The Air Force is realigning the cyber mission force teams it provides to U.S. Cyber Command as a way to have intelligence personnel work more closely with cyber operators.
In the past, Air Forces Cyber was made up of cyber and intelligence personnel from 24th Air Force and 25th Air Force, respectively. However, the arrangement created difficulties with command relationships and oversight of teams since the intelligence operators served beneath a separate Air Force command with a separate commander.
But in October, the Air Force decided to merge 24th and 25th Air Force into 16th Air Force/Air Forces Cyber, placing cyber, intelligence, surveillance and reconnaissance, electronic warfare and weather capabilities under one commander, and creating the Air Force’s first information warfare entity. The new organization also serves as the Air Force’s component to Cyber Command.
The new organization of teams moves intelligence forces from the 70th Intelligence, Surveillance and Reconnaissance Wing to the 67th Cyber Operations Wing.
“We looked at the intelligence squadron and focused on the position descriptions that really were supporting the cyber mission force … so that we can merge those intelligence professionals into the cyber operations squadron in order to build the mission elements that supported the combatant command requirements,” Col. Lauren Courchaine, commander of the 67th Cyberspace Operations Group, told C4ISRNET in an interview.
Specifically, these teams are combat mission teams – the teams that conduct cyber operations on behalf of combatant commands mostly in the offensive sphere – and cyber support teams, which provide intelligence, mission planning and other necessary support work for combat mission team.
Officials at the creation of 16th Air Force said the integration would allow the service to provide more robust teams to Cyber Command.
This new structure - with cyber operators, developers and intelligence forces in the same room and read in on the same missions - provides a tighter mission thread, Courchaine said. In the past, she said, when cyber operators needed intelligence support, they’d have to ask their intelligence teammates who weren’t always privy to the mission or technical context, which created gaps.
“Now when you have those conversations with intelligence airmen, operators and developers all in the same forum, sometimes in the same room with the same whiteboard, you come to integrated solutions up front in early vice having to work through a process where that one piece of information, potentially out of context, is levied on the intelligence requirement to somebody that you don’t know in another place … to try to understand truly what the intelligence piece that you’re looking for,” Courchaine, said. “When you fuse all of them together, I think the output is significantly better and drives that operationally speed, the agility and flexibility that [16th Air Force commander] Gen. [Timothy] Haugh is looking after.”
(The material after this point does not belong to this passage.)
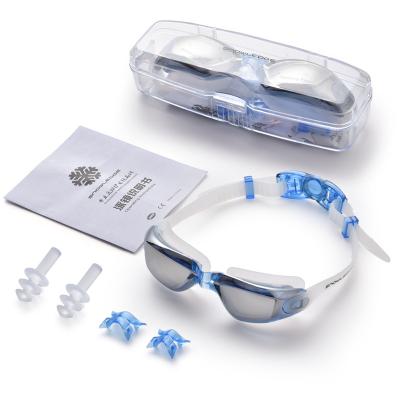 China Anti Fog Silicone Soft Vision Anti Fog Soft Clear UV Protection Nose Bridge Kids Swimming Goggles for sale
The final realignment package is still at the Air Staff awaiting final approval with details regarding new units still to be determined, to include a new group activated under the 67th Cyberspace Wing and three new squadrons.
Gaining insights from joint operations
The team realignment also extends to Air Force cyber teams that serve under commanders of other services under different Joint Force Headquarters-Cybers.
The way cyber operations are structured within DoD is individual services do not have their own offensive teams. Instead, these teams work through several organizations, each formally known as Joint Force Headquarters-Cyber that exist beneath Cyber Command, which in turn provide planning, targeting, intelligence and cyber capabilities to the combatant commands to which they’re assigned. The heads of the four service cyber components also lead their respective JFHQ-C. These organizations oversee combat mission teams and combat support teams.
Courchaine said the Air Force teams, those that conduct operations in Central Command under Joint Force Headquarters-Cyber and operations focused on China under Joint Force Headquarters-Cyber Fleet Cyber, can bring a global perspective a back to the service. These teams conduct operations on behalf of European Command, Strategic Command, Transportation Command and Space Command.
In some theaters, with the high tempo of operations, such as Central Command, the approach allows the teams conducting operations to bring back lessons learned to their respective services.
“You can see how these three areas will really converge and enable Gen. Haugh from a 16th Air Force perspective to not just be successful in aligning the forces appropriately but driving that return on investment where we’re able to converge target sets globally … to drive operations so that we can influence our adversaries in support of national security objectives,” she said.